Gifted and Talented Defined
“Gifted and Talented” means any child or youth who performs at or shows the potential for performing at a remarkably high level of accomplishment when compared to others of the same age, experience, or environment and who excels in a specific academic field.
Characteristics of Gifted Children
The following characteristics are common but not universal:
- Shows superior abilities to reason, generalize or problem solve.
- Shows persistent intellectual curiosity.
- Has a wide range of interests; develops one or more interests to considerable depth.
- Produces superior written work or has a large vocabulary.
- Reads avidly.
- Learns quickly and retains what is learned.
- Grasps mathematical or scientific concepts readily.
- Shows creative ability or imaginative expression in the arts.
- Sustains concentration for lengthy periods on topics or activities of interest.
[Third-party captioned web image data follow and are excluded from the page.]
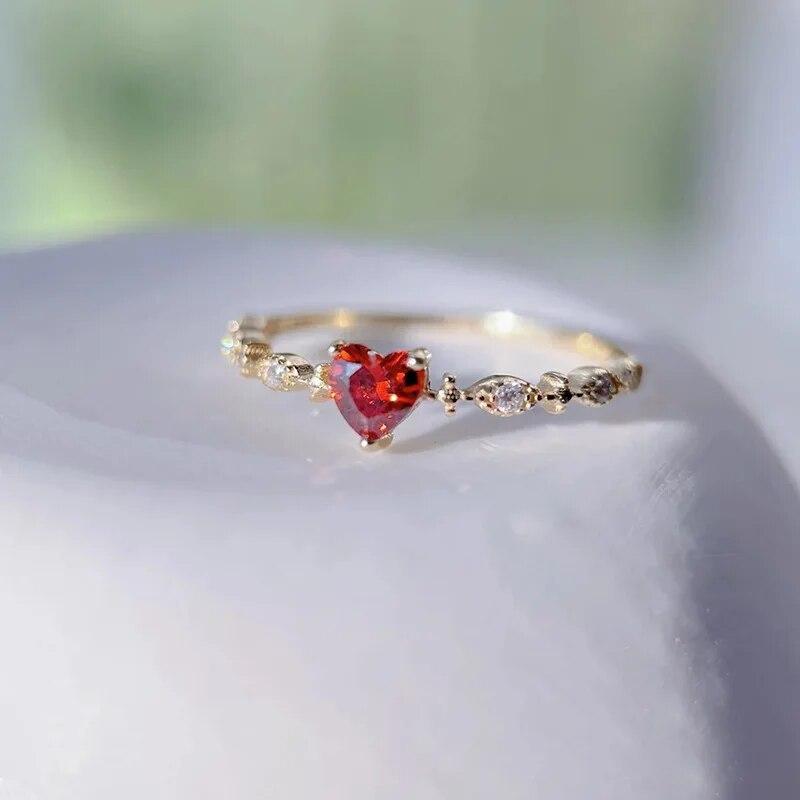 Mode Charme Liebe Rubin Ringe für Frauen Herz Rot Kristall Zirkon Ring Hochzeit Partei Schmuck Jahrestag Geschenk Anillos Mujer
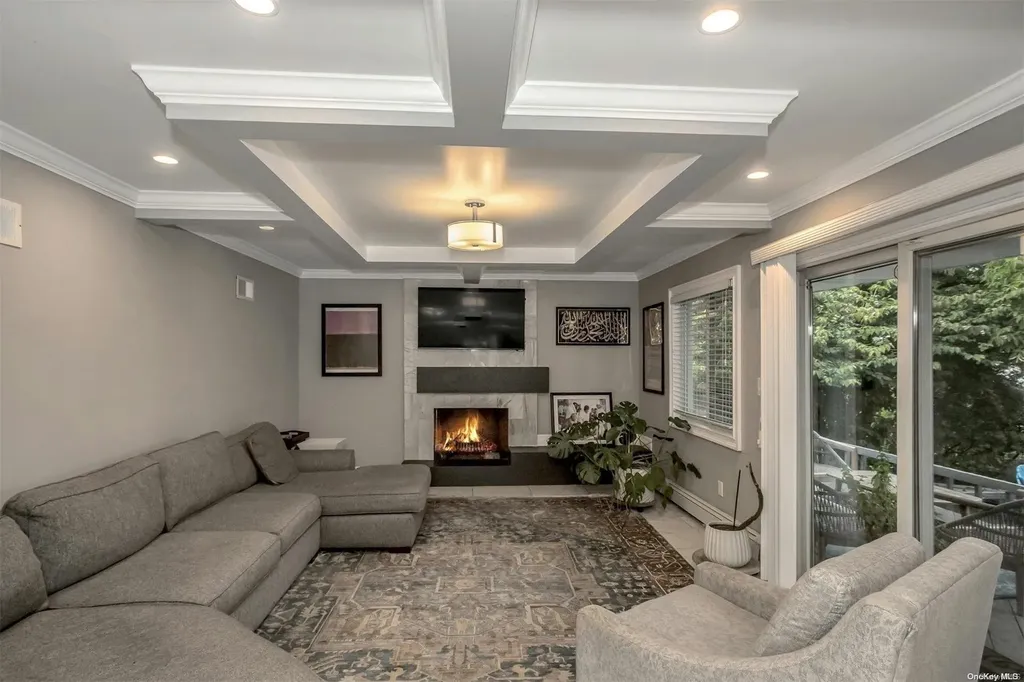 27 Piper Drive Albertson NY 11507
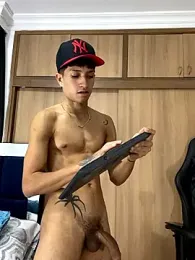 _CamiloBass webcam model stream image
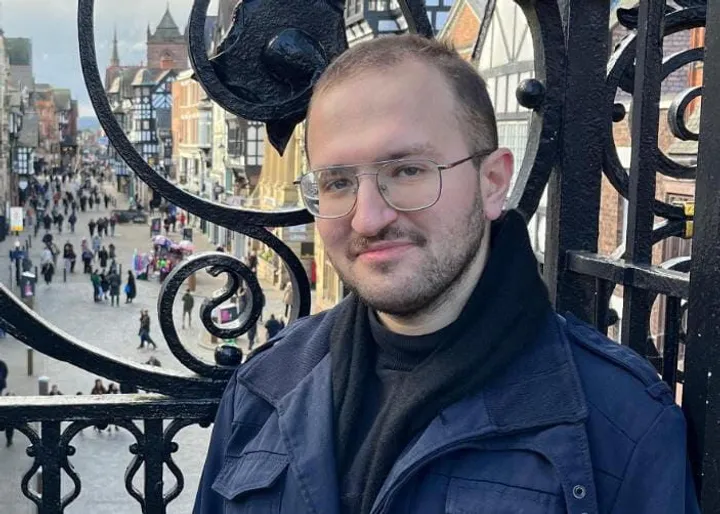 Историята на османски гроб в двора на църква в Манчестър се простира до Истанбул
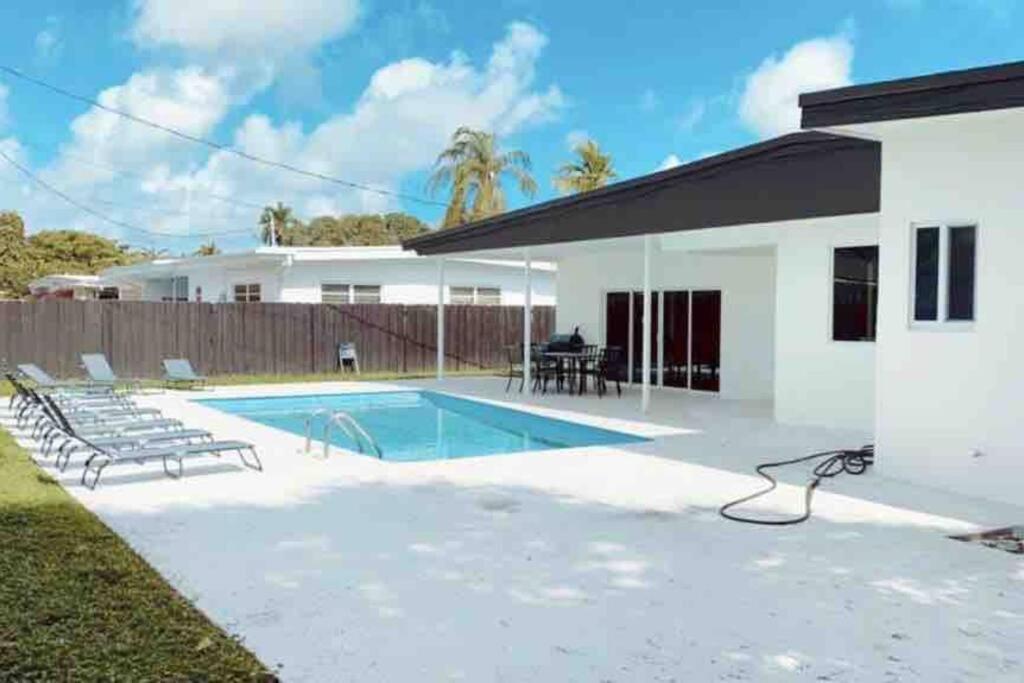 Pool Villa Miami Exterior photo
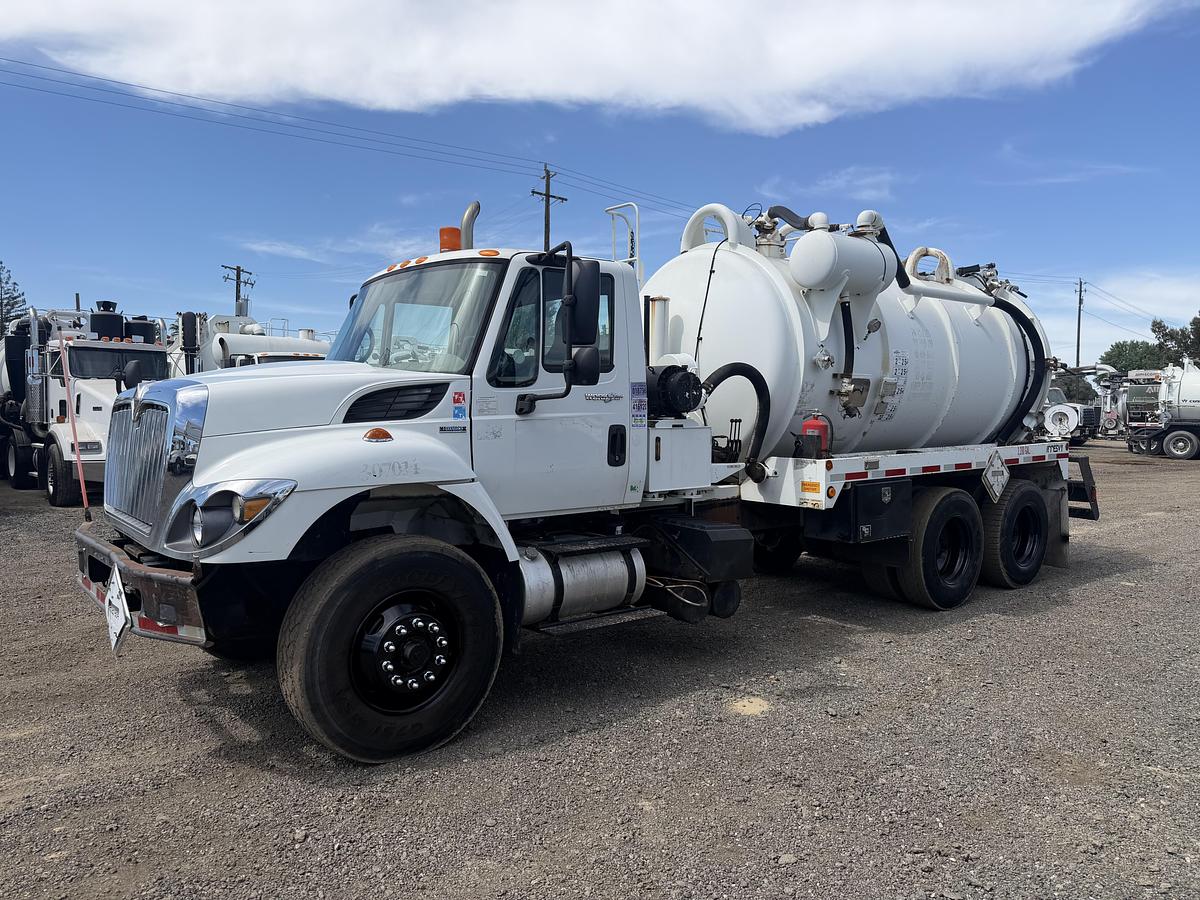 Used 2009 INTETNATIONAL PRESVAC DOT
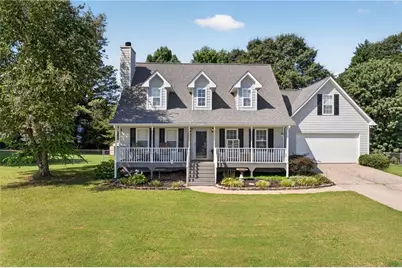 481 Lisa Circle, Winder, GA 30680 - Photo 1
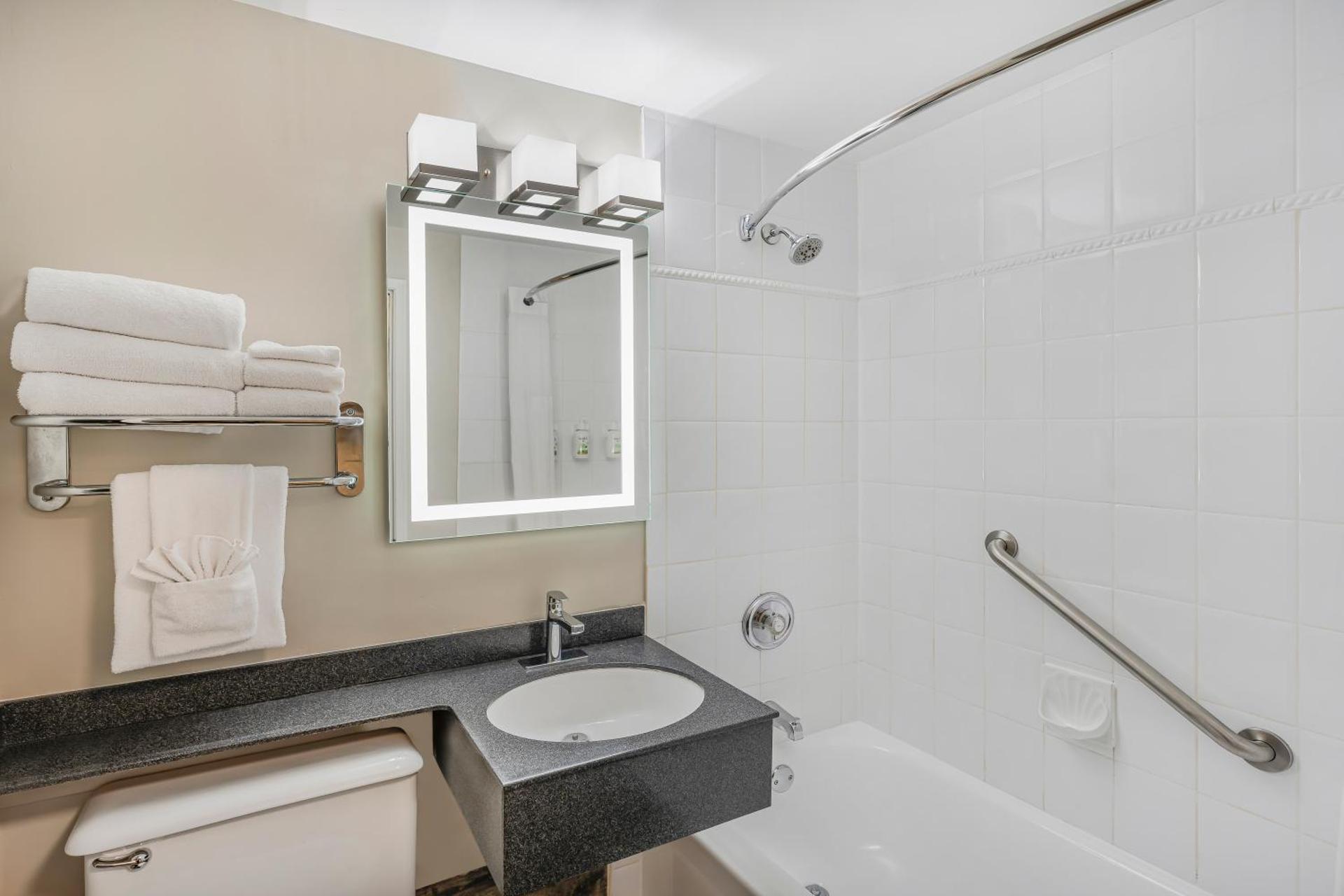 Deluxe King Room with Kitchenette and Street View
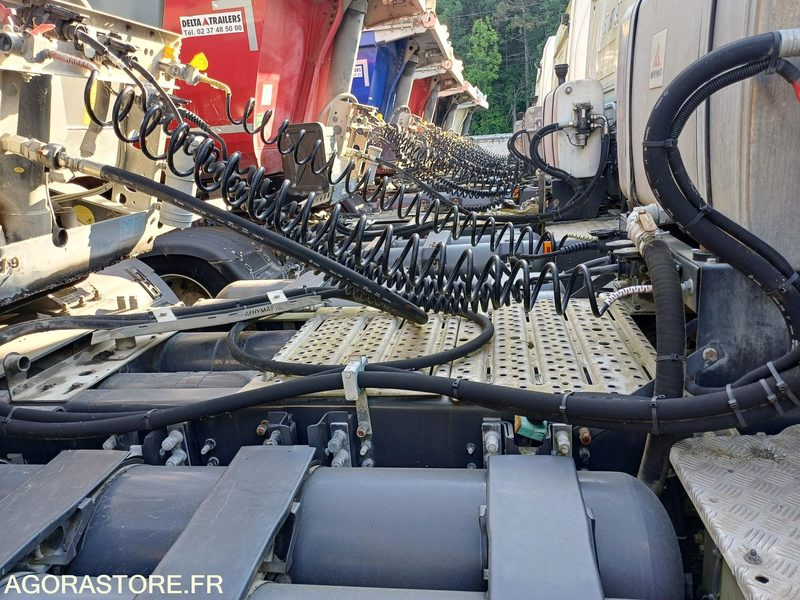 SCANIA G410 (GNL) - 2019 / 144883 KM (FG-511-JT) - Тягач: фото 4 SCANIA G410 (GNL) - 2019 / 144883 KM (FG-511-JT) - Тягач: фото 4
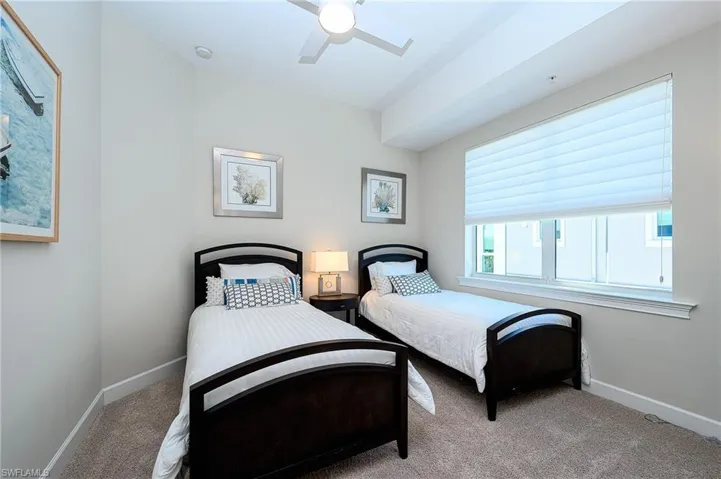 6561  Dominica  DR, Naples, FL 34113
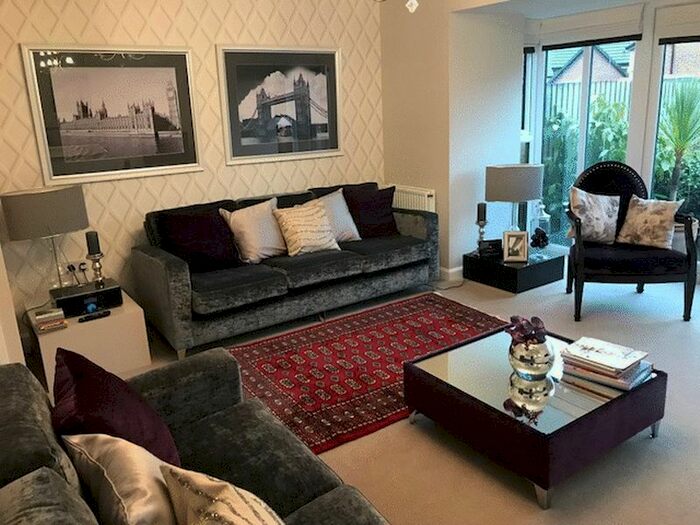 4 Bedroom Town House To Rent In Wall Close, Lawley, Telford TF4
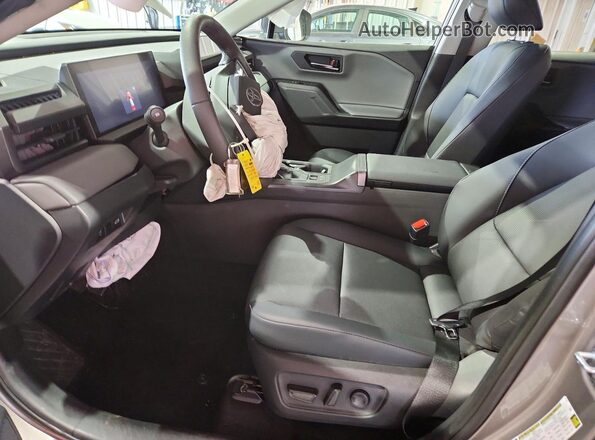2T36CRAV5TC009620 2026 TOYOTA RAV4 Gray Vista interior delantera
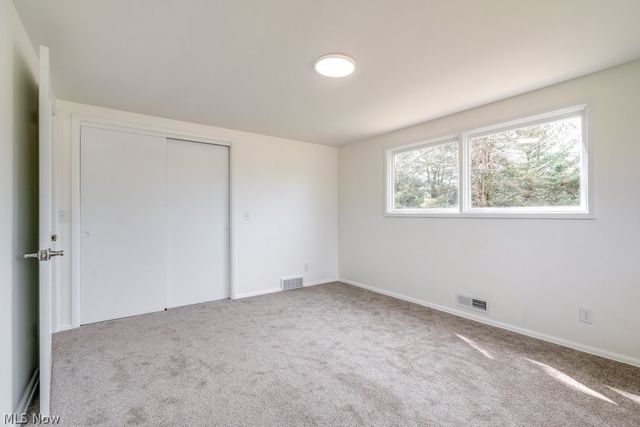 419 Briar Avenue NE, North Canton, OH 44720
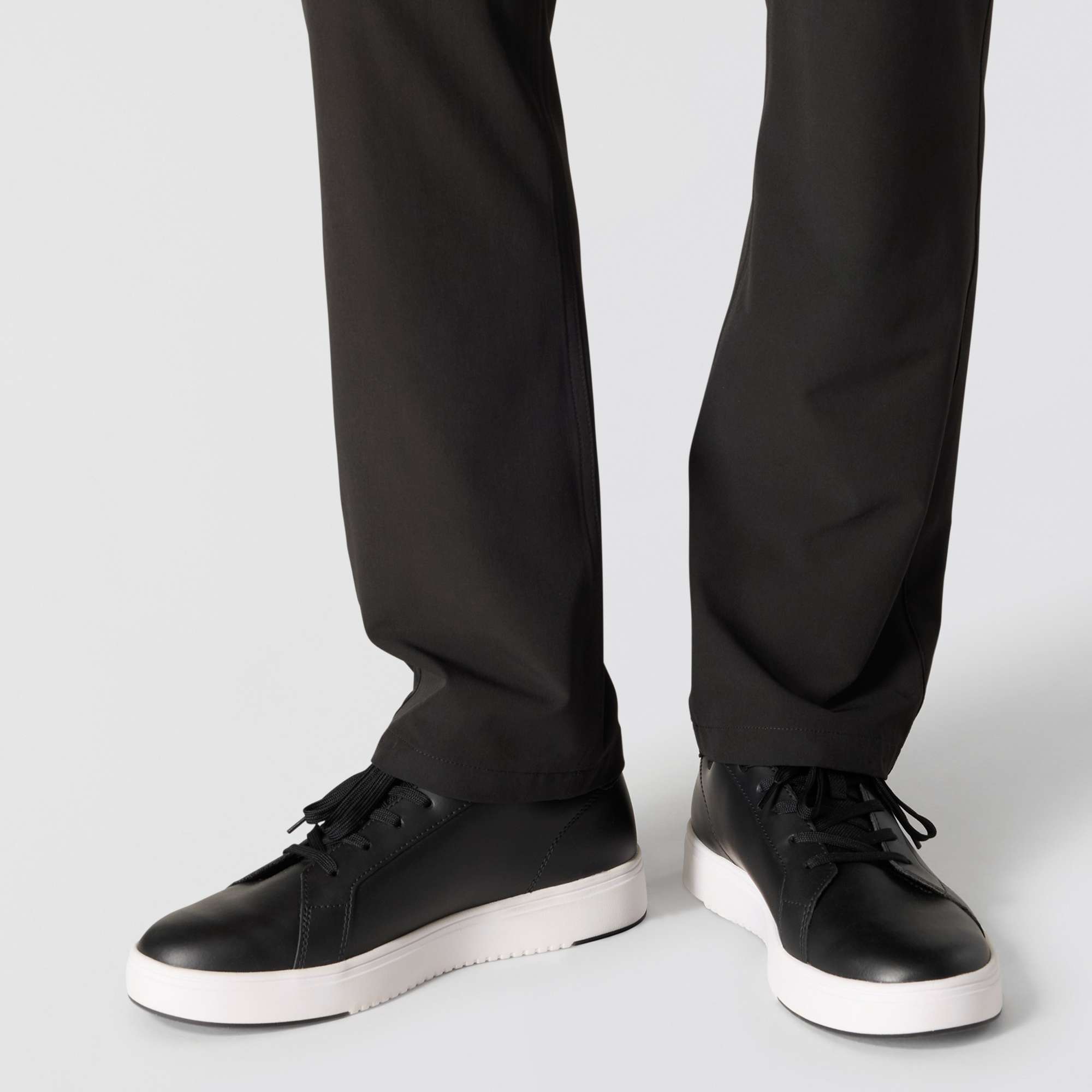 Force Sun Defender™ Lightweight Relaxed Fit Pant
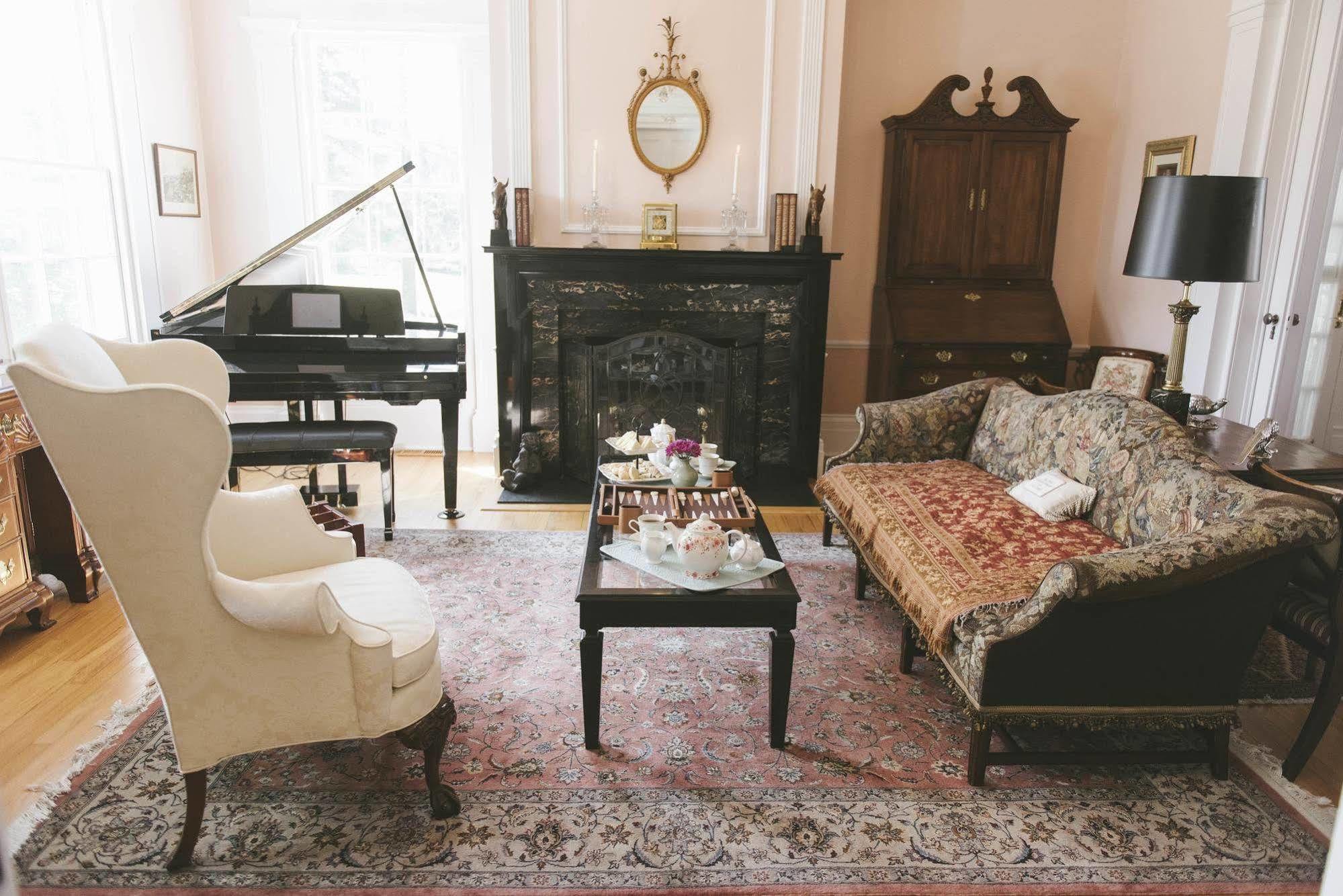 Bykenhulle House Bed And Breakfast Hopewell Junction ภายนอก รูปภาพ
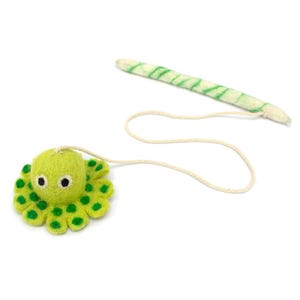 Olijfkleurige octopus kattenspeeltje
- Sets high standards for self.
- Shows initiative, originality, or flexibility in thinking; considers problems from a number of viewpoints.
- Observes keenly and is responsive to new ideas.
- Shows social poise or an ability to communicate with adults in a mature way.
- Enjoys intellectual challenge; shows an alert and subtle sense of humor.
These characteristics can lead to conflicts in the regular classroom, as the gifted child may:
- Get bored with routine tasks.
- Resist changing away from interesting topics or activities.
- Be overly critical of self and others, impatient with failure, perfectionistic.
- Disagree vocally with others, argue with teachers.
- Make jokes or puns at times adults consider inappropriate.
- Be so emotionally sensitive and empathetic that adults consider it over-reaction, may get angry, or cry when things go wrong or seem unfair.
- Ignore details, turn in messy work.
- Reject authority, be non-conforming, stubborn.
- Dominate or withdraw in cooperative learning situations.
- Be highly sensitive to environmental stimuli such as lights or noises.